Start of Recorded information

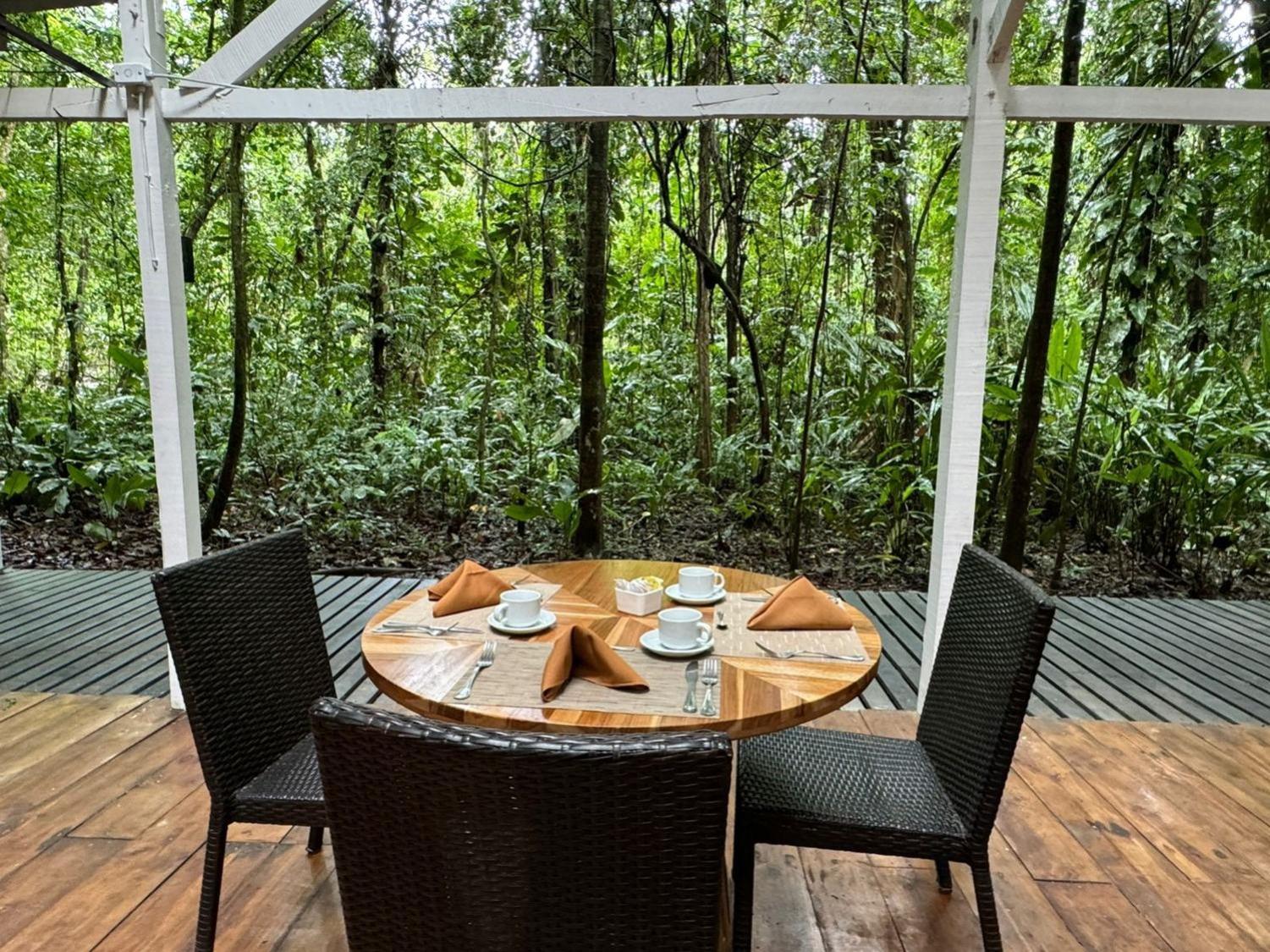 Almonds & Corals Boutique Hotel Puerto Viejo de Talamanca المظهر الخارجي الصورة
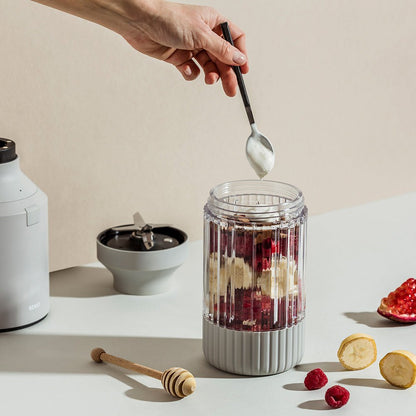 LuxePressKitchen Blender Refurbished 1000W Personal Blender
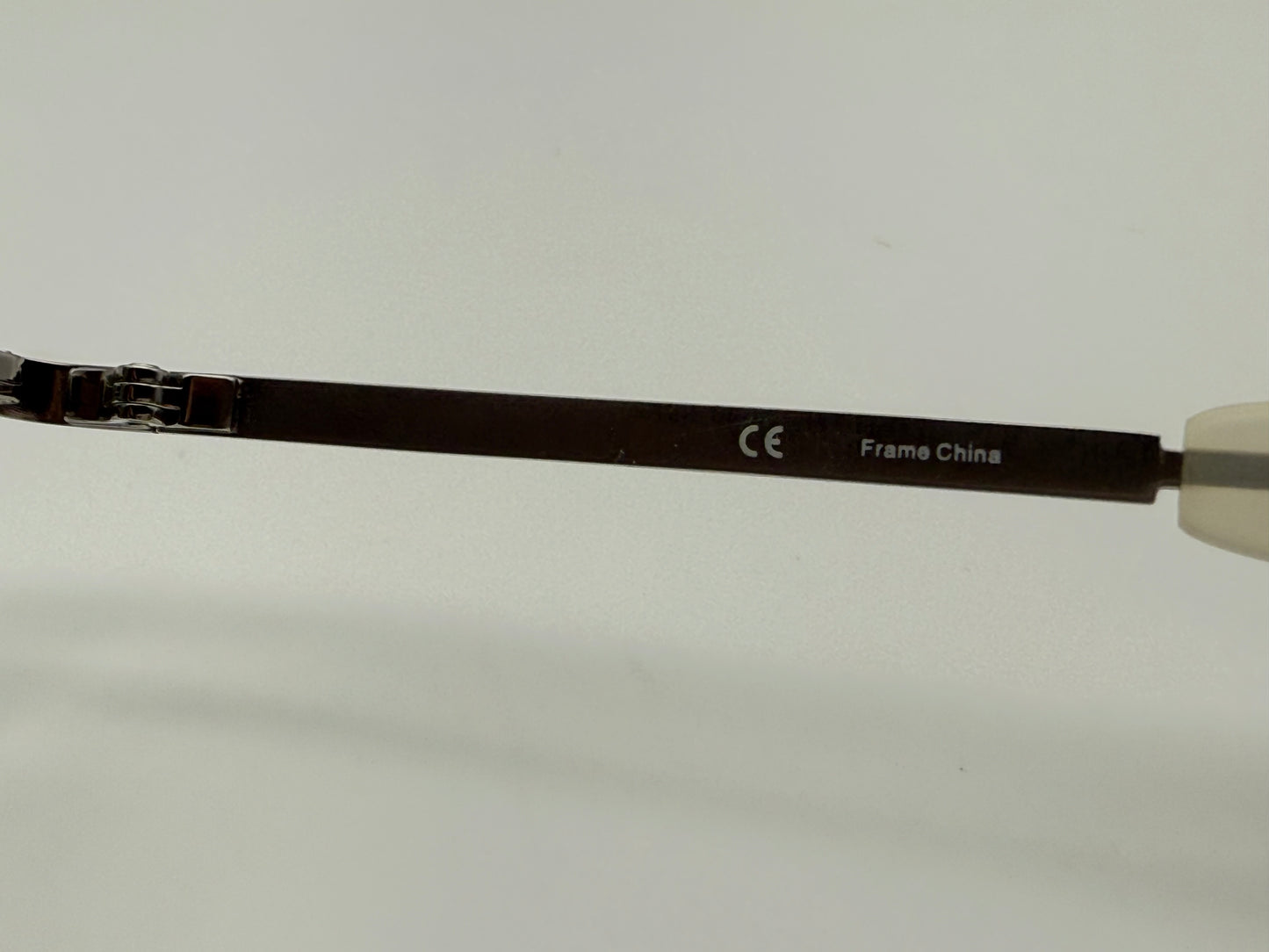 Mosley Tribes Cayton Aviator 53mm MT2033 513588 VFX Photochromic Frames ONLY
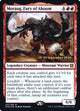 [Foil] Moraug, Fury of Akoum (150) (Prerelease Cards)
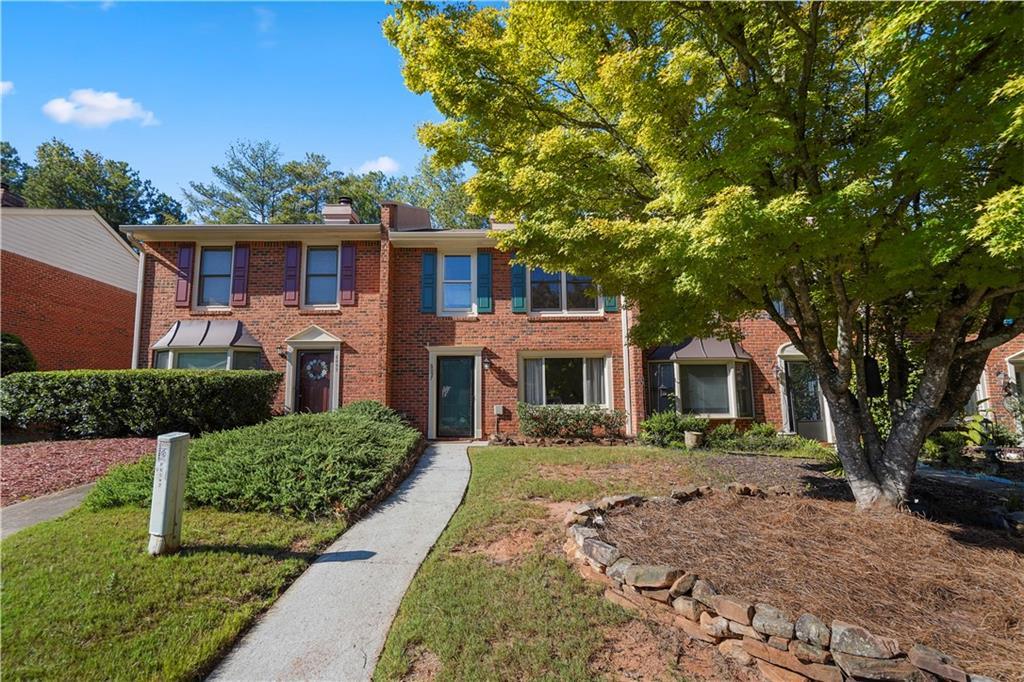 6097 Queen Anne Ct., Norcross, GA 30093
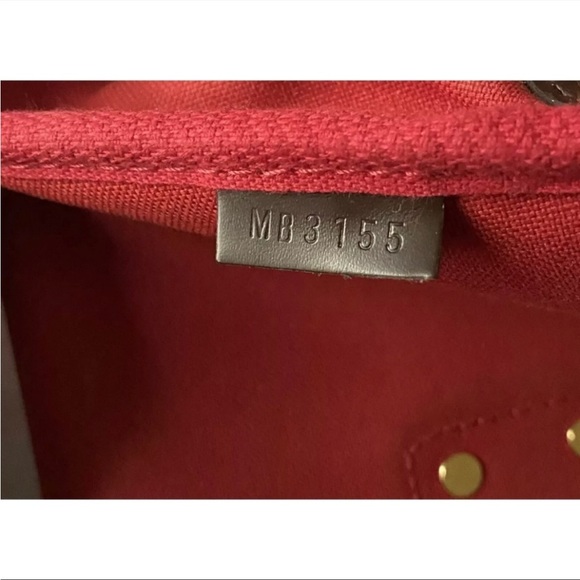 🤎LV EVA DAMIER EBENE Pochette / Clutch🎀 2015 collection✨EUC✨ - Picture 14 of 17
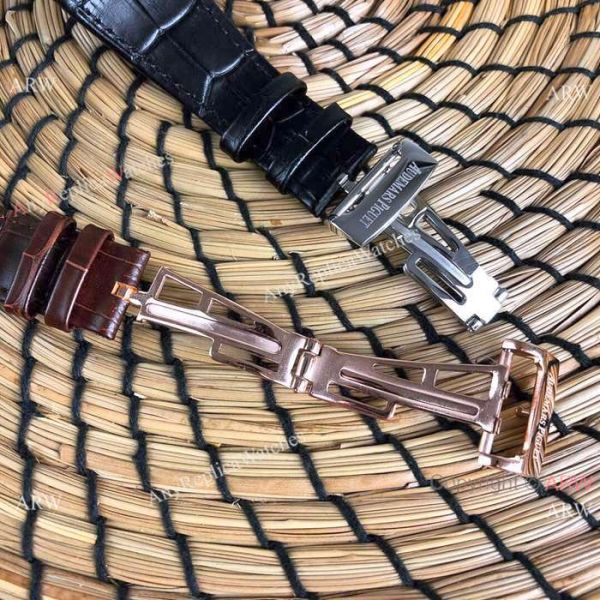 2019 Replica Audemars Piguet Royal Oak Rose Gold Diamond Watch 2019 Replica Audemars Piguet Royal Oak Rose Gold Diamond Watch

End of Recorded information

● **Task details**
Output the records above character for character, but leave each image out.

● **Exercise solution**
 Almonds & Corals Boutique Hotel Puerto Viejo de Talamanca المظهر الخارجي الصورة
 LuxePressKitchen Blender Refurbished 1000W Personal Blender
 Mosley Tribes Cayton Aviator 53mm MT2033 513588 VFX Photochromic Frames ONLY
 [Foil] Moraug, Fury of Akoum (150) (Prerelease Cards)
 6097 Queen Anne Ct., Norcross, GA 30093
 🤎LV EVA DAMIER EBENE Pochette / Clutch🎀 2015 collection✨EUC✨ - Picture 14 of 17
 2019 Replica Audemars Piguet Royal Oak Rose Gold Diamond Watch 2019 Replica Audemars Piguet Royal Oak Rose Gold Diamond Watch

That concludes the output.